Tenho o costume de rever os arquivos de imprensa da Guiné-Bissau.
Entre todos depoimentos lidos por mim, há um que deixa uma radiografia completa sobre o Estado guineense – o seu modus operandi, a anarquia, o machismo, a injustiça, a vulnerabilidade de quadros, a dependência, e, sobretudo, o apego à intriga e à conspiração.
Hoje, partilho uma dessas entrevistas, na pessoa de major-general João Monteiro, o antigo director-geral do Serviço de Informações e Segurança do Estado. No dia 24 Fevereiro de 2000, o jornal Diário de Bissau publicou alguns excertos da sua entrevista com João Monteiro. Nele, João Monteiro falava sobre os trabalhos da Comissão de Inquérito sobre o Caso 17 de Outubro.
JOÃO MONTEIRO: “Vou [vos] contar um episódio que se passou no quintal do Palácio. No decorrer do progresso [sic] do Caso de 17 Outubro, o Humberto [Coronel Humberto Gomes] e demais membros do Tribunal Militar aparecem no quintal [do Palácio da República] e o Humberto diz ao Presidente Nino: ‘Senhor Presidente, o resultado do inquérito mostra claramente que estes acusados não são culpados. O Tribunal e o acusador público disseram que as provas não existem contra estes acusados. As únicas provas são as confissões conseguidas sob [à] tortura, e por isso inválidas perante o Tribunal’. O Presidente Nino bateu com as mãos na cadeira dizendo que as provas tinham que ser inventadas, porque ele tinha informações seguras dos vizinhos de Paulo Correia, Manecas e Francisca, como provas suficientes do golpe de Paulo que recebia constantes visitas dos implicados. O Tribunal tinha que encontrar provas. Os olhos de Nino Vieira brilhavam de sangue vermelho.”
Todos os guineenses conhecem o desfecho trágico do “Caso 17 Outubro de 1985”.
Quero-vos lembrar dessa entrevista para chamar atenção à actual liderança do país, na pessoa do Chefe do Estado, Umaro Mokhtar Sissoco Embaló – na sua única qualidade do Representante da República da Guiné-Bissau e garante da Constituição -- de que devemos fazer tudo para evitarmos os trágicos erros de um passado recente.
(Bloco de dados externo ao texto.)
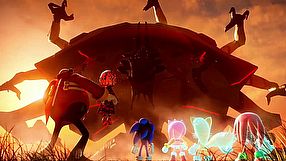 Sonic Frontiers zwiastun DLC The Final Horizon #3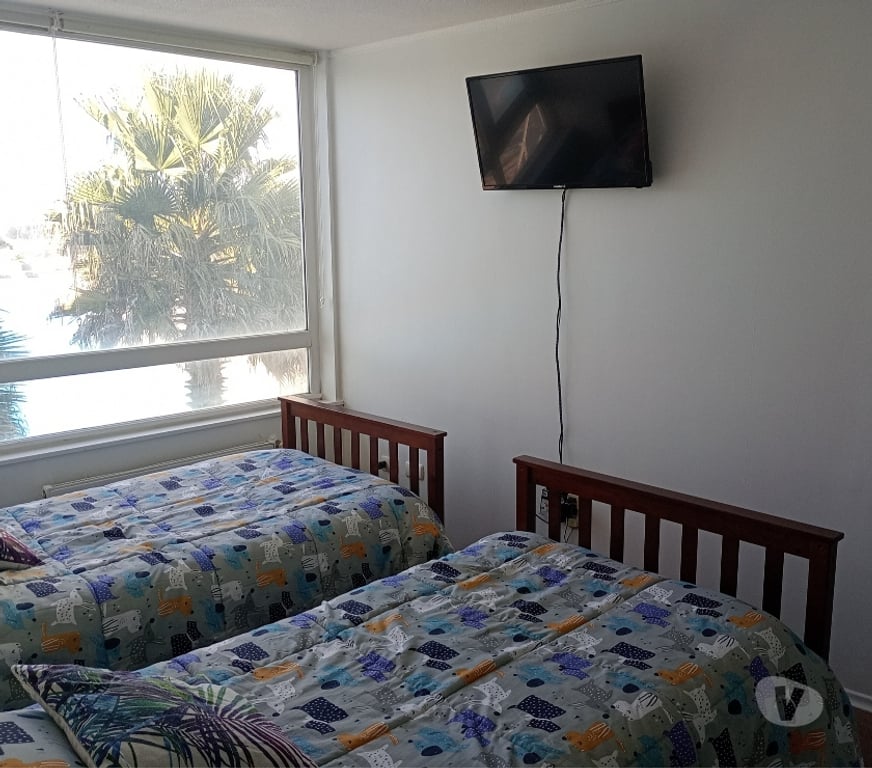 Bienes Raices Concepción San Pedro de la Paz - Fotos de Condominio Full Equipamiento, Vivir en Vacaciones.
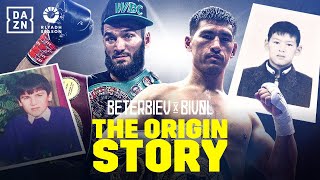 Artur Beterbiev vs Dmitry Bivol The Origin Story [upl. by Namsaj]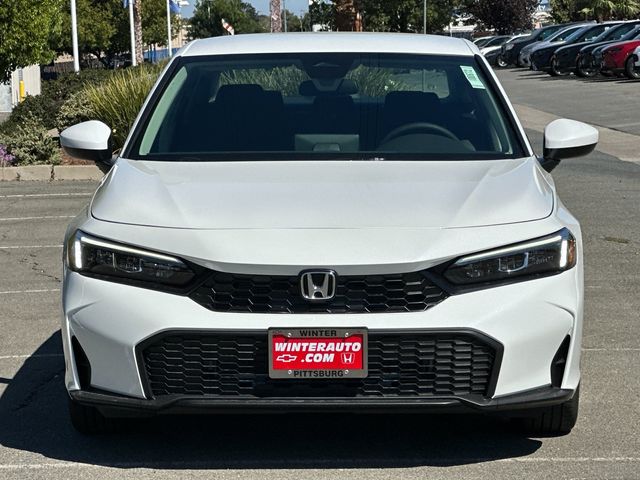 2026 Honda Civic LX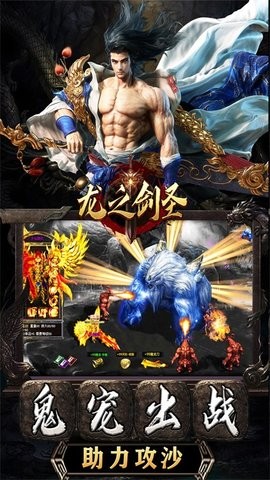 龙之剑圣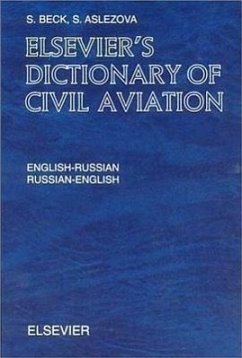 Elsevier's Dictionary of Civil Aviation - Beck, S.;Aslezova, S.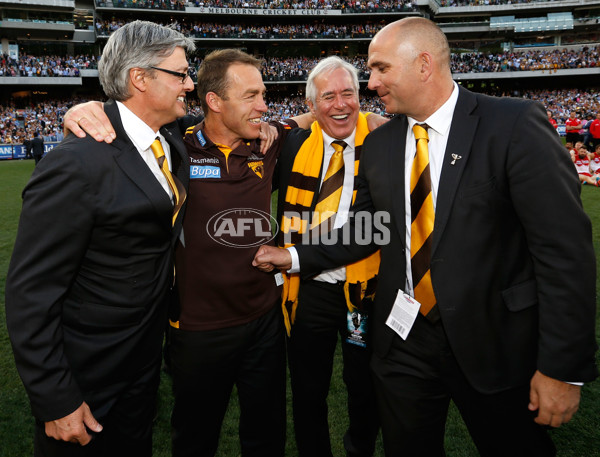 AFL 2014 Toyota Grand Final - Sydney v Hawthorn - 351691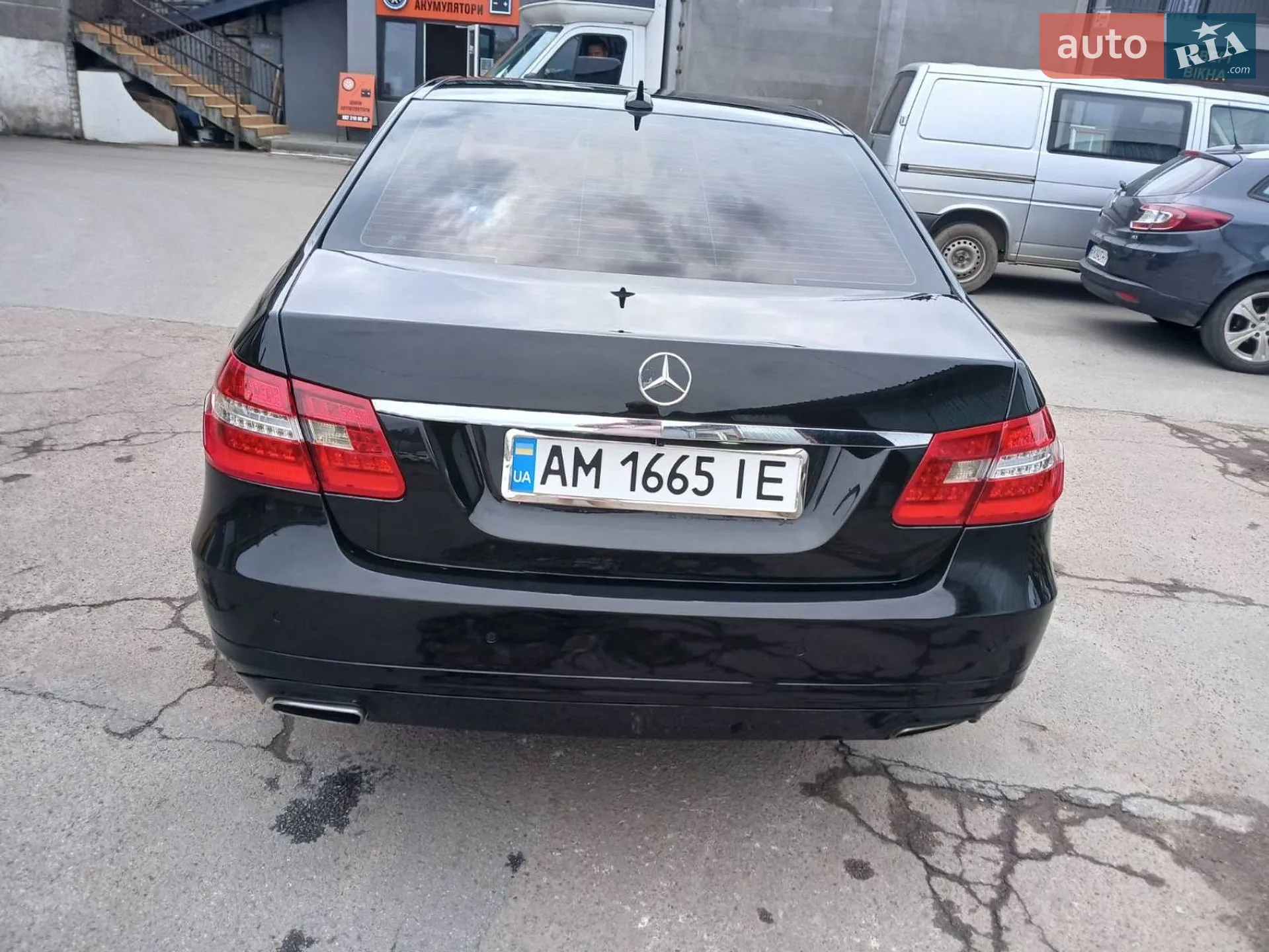 2012 Mercedes-Benz E-klasse - мініатюра 12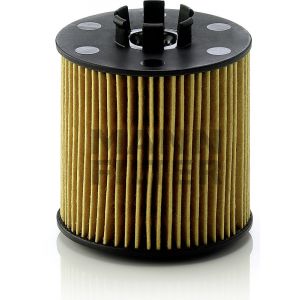 Mann Oil Filter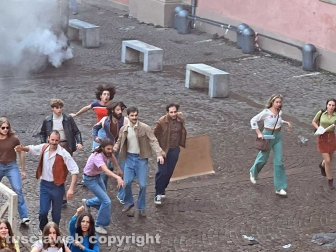 Viterbo - Film Disney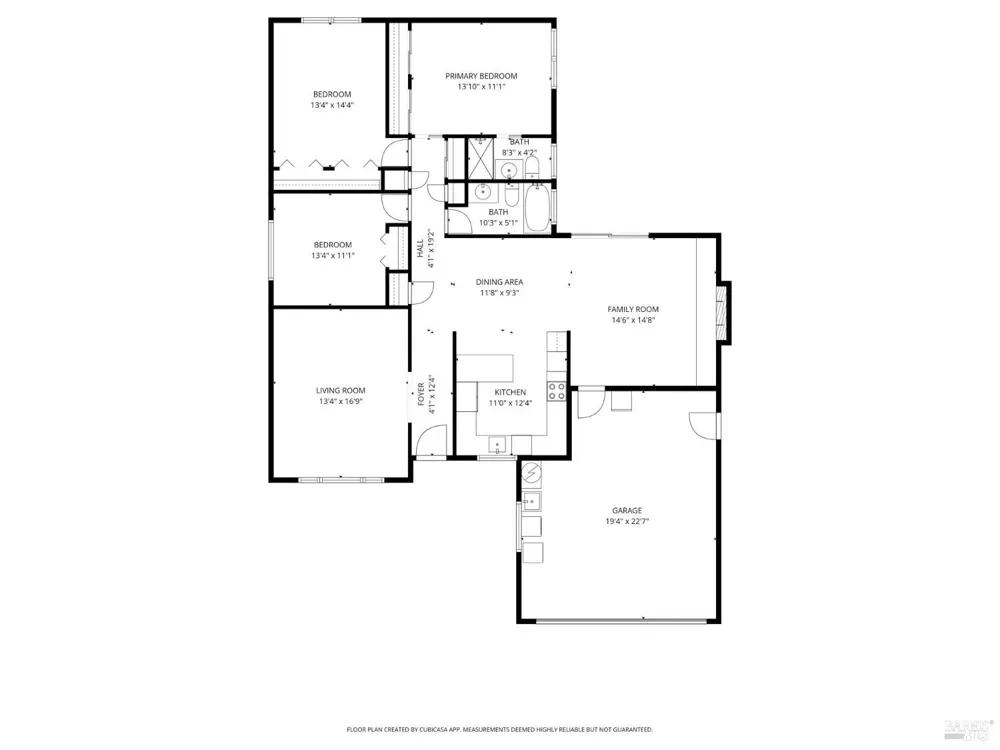 2275 Cambridge Drive Fairfield, CA 94533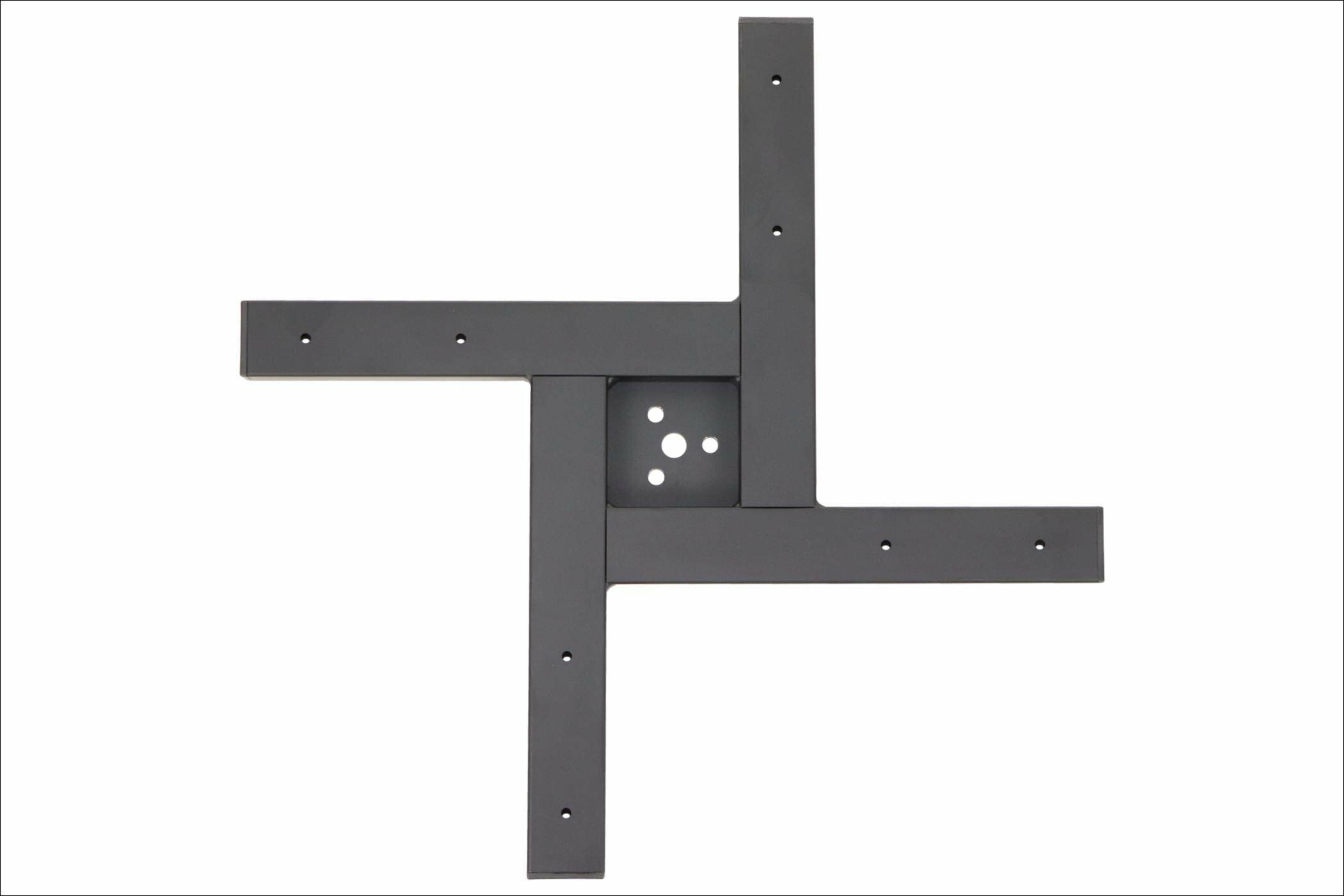 Podstawa do stolika SH-5001-8/B, fi 54,50 cm, wys. 71,5 cm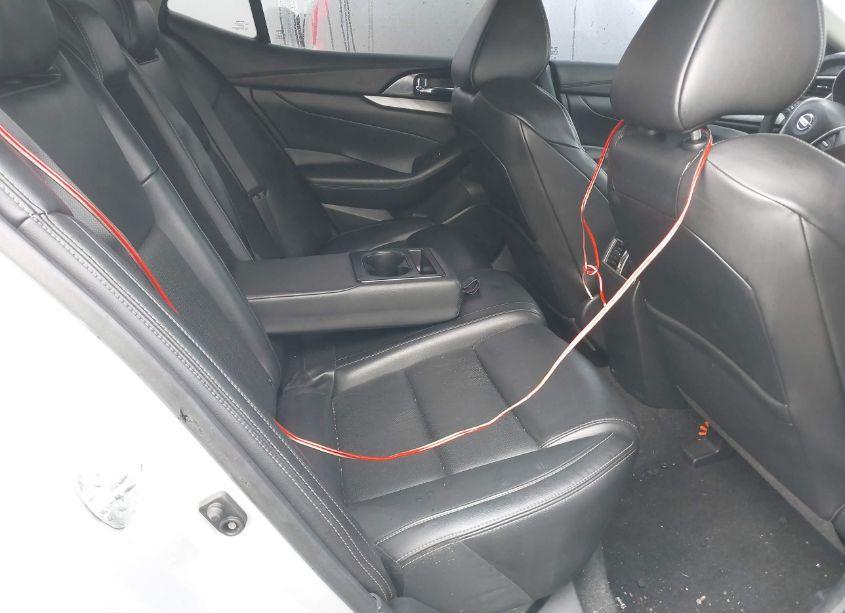 Photo 8 of 2018 Nissan Maxima 3.5 SV (VIN 1N4AA6AP1JC365938)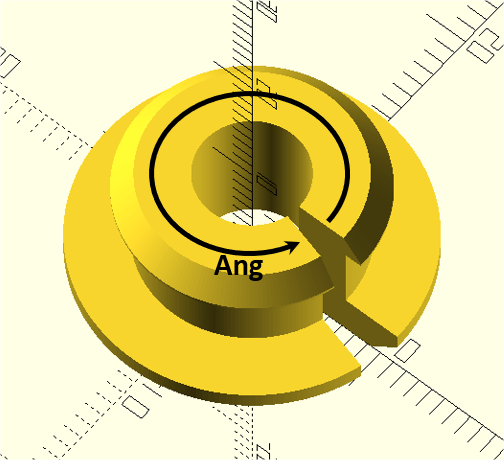 Customizable Cable Pass Joinen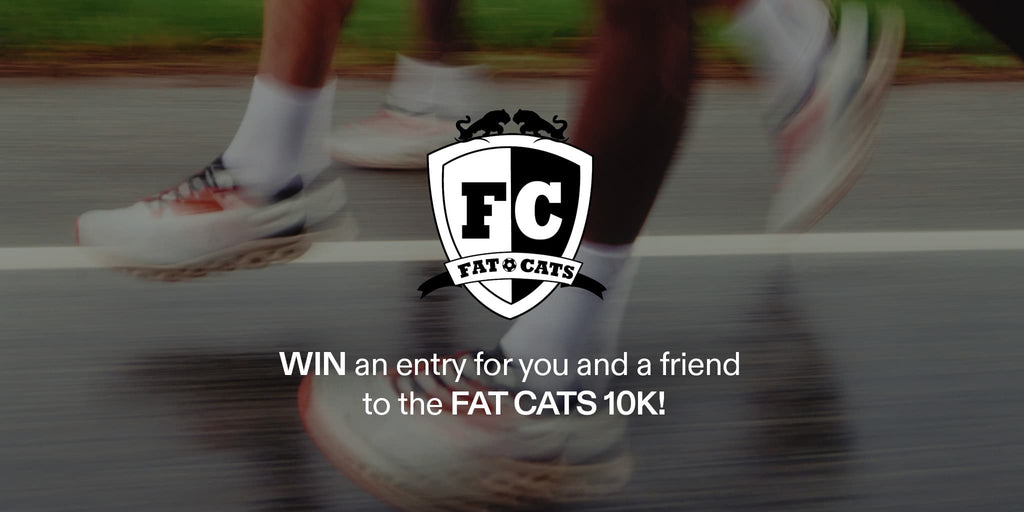 Lace Up for the Exciting Fat Cats Race 10K!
E evitar os tais erros implica, em primeiro lugar, promover, fazer prevalecer e defender a justiça social e a justiça legal.
Nesse quadro, a presunção da inocência até o trânsito em julgado de sentença penal condenatória deve ser um princípio inegociável e insubstituível. Aliás, a presunção da inocência é um dos maiores traços das constituições de República de qualquer país moderno e civilizado, includindo a Guiné-Bissau.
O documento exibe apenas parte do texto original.